(Stored items from a collection)
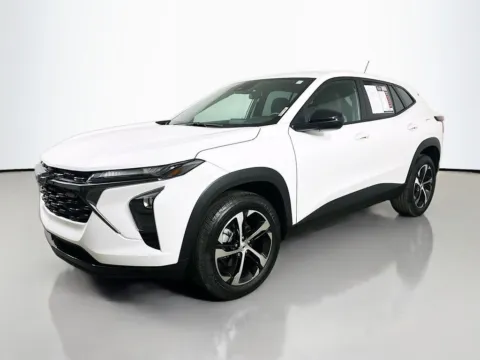 Another view of 2025 Chevrolet Trax 1RS for sale in Summerville, SC at Automaxx of the Carolinas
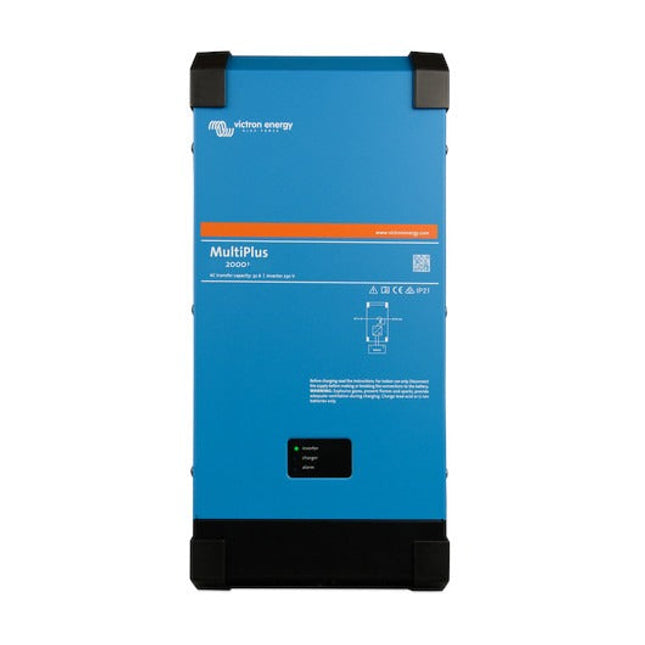 Victron Energy MultiPlus 24V 2000VA 50A 32A VE.Bus – PMP242200000-Powerland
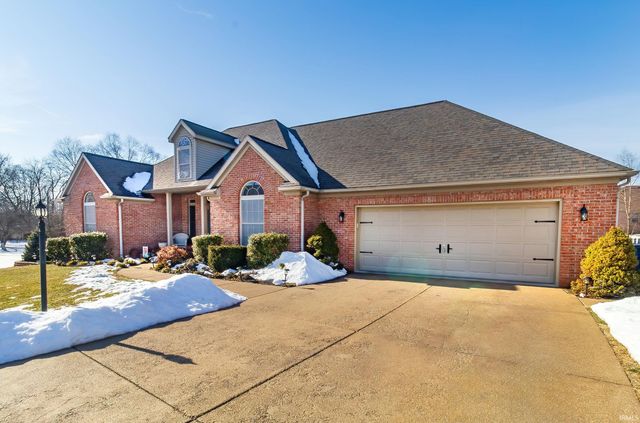 3034 Birdie Circle, Evansville, IN 47725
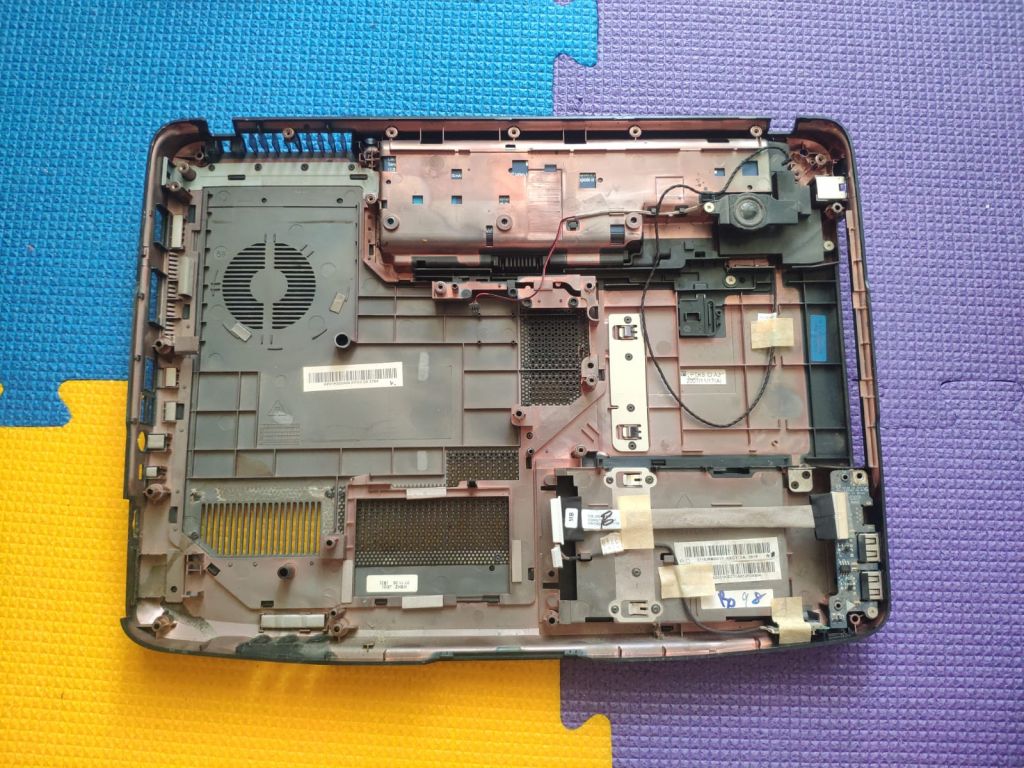 Корпус до ноутбука Acer 5720z - фото фото фото 2
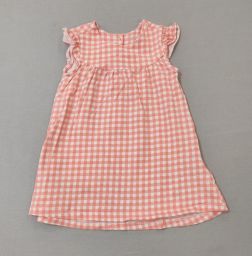 ABITO M/C QUADRETTI CHICCO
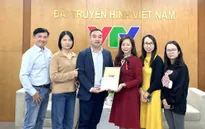 120 triệu đồng được trao tặng cho Trái tim cho em nhân dịp Giáng sinh 2022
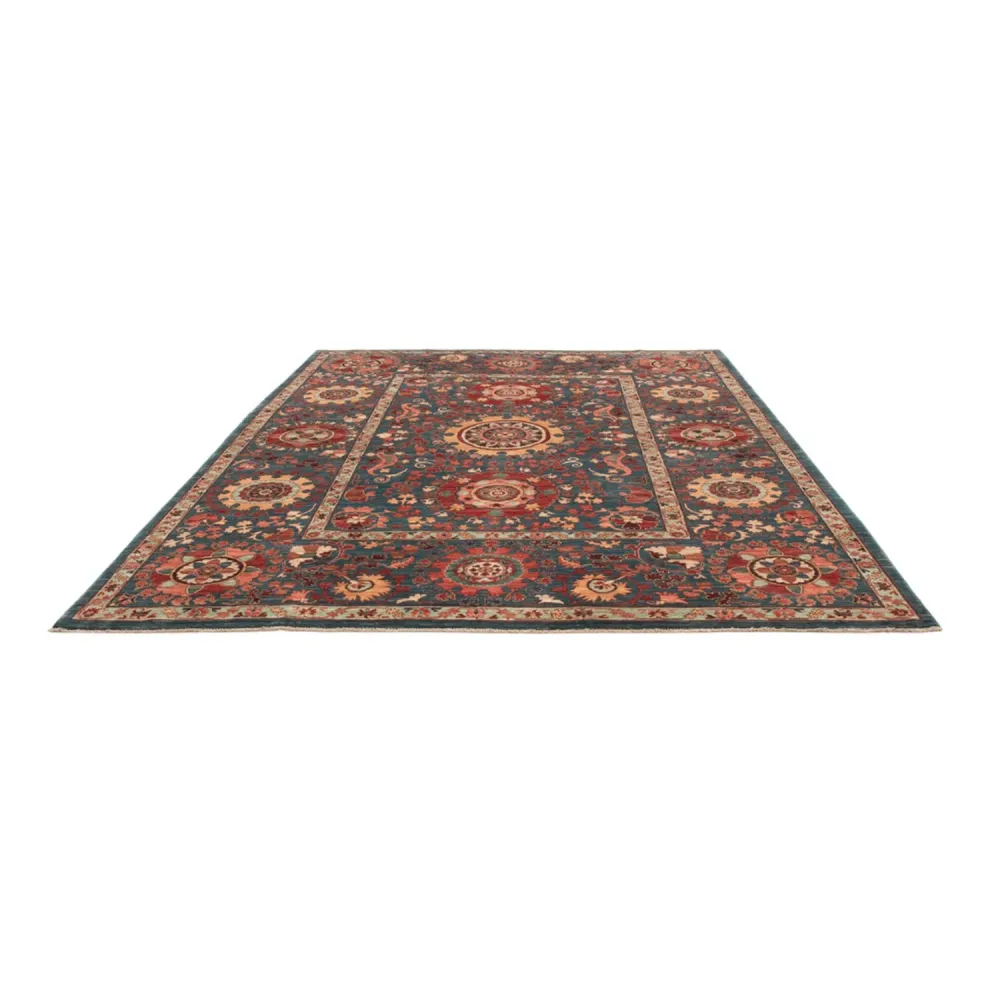 Ziegler Teppe - Ariana - 307 x 222 cm - blå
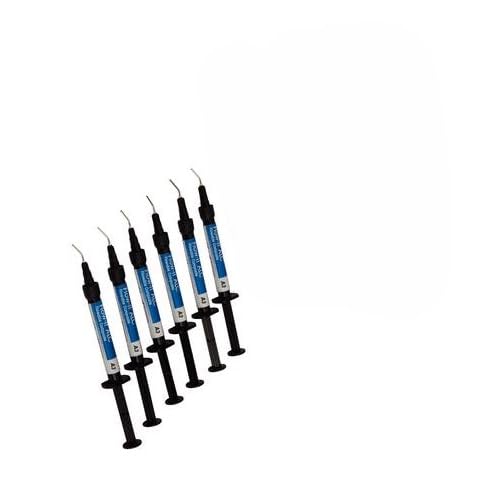N11VC Flow-It ALC Flowable Composite A3 6/Pk 30 Tips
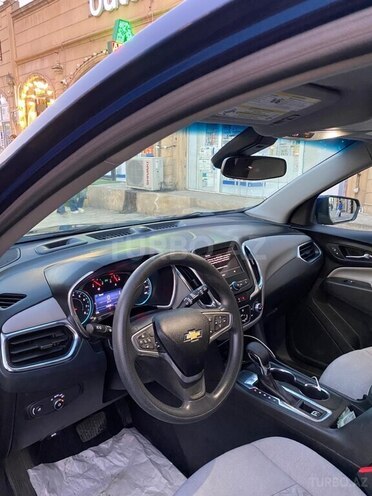 Chevrolet Equinox 2023, 148,000 km - 1.5 l - Gəncə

## Directions for this task:
Omit every picture, then repeat the remaining data exactly as it appears above.

## Problem solution:
 Another view of 2025 Chevrolet Trax 1RS for sale in Summerville, SC at Automaxx of the Carolinas
 Victron Energy MultiPlus 24V 2000VA 50A 32A VE.Bus – PMP242200000-Powerland
 3034 Birdie Circle, Evansville, IN 47725
 Корпус до ноутбука Acer 5720z - фото фото фото 2
 ABITO M/C QUADRETTI CHICCO
 120 triệu đồng được trao tặng cho Trái tim cho em nhân dịp Giáng sinh 2022
 Ziegler Teppe - Ariana - 307 x 222 cm - blå
N11VC Flow-It ALC Flowable Composite A3 6/Pk 30 Tips
 Chevrolet Equinox 2023, 148,000 km - 1.5 l - Gəncə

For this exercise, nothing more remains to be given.